April 14, 2009

Tranquilo

Spring has finally arrived in the Baja, the days are warming up pleasantly but the nights are still cool. The garden at Casa Boleo is full of Easter lilies which are starting to bloom. We have a whole flower bed full of them opening up. The mango trees all have little tiny mangoes on them no bigger than a pea right now. The birds are everywhere looking for things to feed their babies. Yesterday I saw an industrious couple of sparrows busily peeling bugs off the radiator grill of a parked truck. And suddenly a peculiar kind of a bumblebee has resurfaced that is called a moscaron. They are big and black and in constant motion zooming around at slow speed. I have never seen one land on anything. They are territorial toward one another. People here tell me they have a really mean bite, but only if bothered. They are about half the size of a hummingbird.

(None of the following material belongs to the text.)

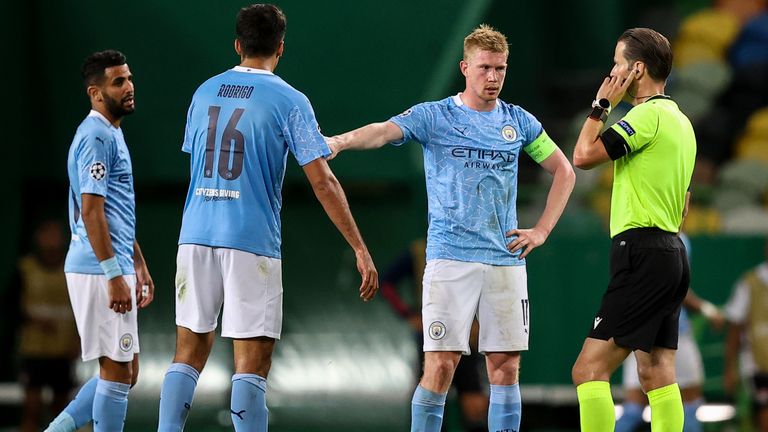 Man City players wait for a VAR check to take place to see if Lyon's second goal will stand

Esperando and I drove up to Loreto with Sweet Pickle to spend Easter weekend and celebrate our anniversary. On the drive there we detoured to Santa Inez to see if our favorite beach had been invaded, but all we saw was a couple of families and lots of empty beach. I guess the road is too long and bumpy, and what with no services such as minimarts or little restaurants it doesn’t draw the same crowd. We drove back to the highway and sure enough all the beautiful beaches were as advertised, a tent city of Mexican tourists packed in as tight as sardines for Semana Santa. I must say it looked like everyone was having fun, we have never seen these beaches so crowded even when the gringos took them over earlier in January and February (which has the very worst weather—cold and lots of wind and blowing sand, crazy gringos).

When we got to Loreto we walked through an open house at the Inn at Loreto Bay. It was a 2 bedroom, 2 bath condo with beautiful architectural detail, a small outdoor patio downstairs, and upstairs a nice outdoor kitchen with plenty of rooftop space for entertaining. We meet some nice people on the beach that spend half the year there and the other half in the U.S. It sort of bothers us the idea of living in a gringo enclave, but so far everyone we met connected with that property seems really nice. We were ready to buy in, but can’t afford it right now, we’re still pouring money into the Casa Abeja remodel.

That evening we drove into Loreto and had a nice dinner at El Mediterraneo on the Malecon recommended by Ray in Mulege. It has a great atmosphere and an excellent wine list. We shared the paella, I don’t believe I’ve ever had a paella that I fell in love with, even in Spain. This one was full of great shellfish but still didn’t do the trick for me. What was fun was watching all the cars cruising by from our second story perch. It was a regular bumper-to-bumper promenade of just about everyone: cops, army guys in jeeps, beer drinking teenagers packed in truck beds, grandmothers in Toyotas and dogs on their way somewhere.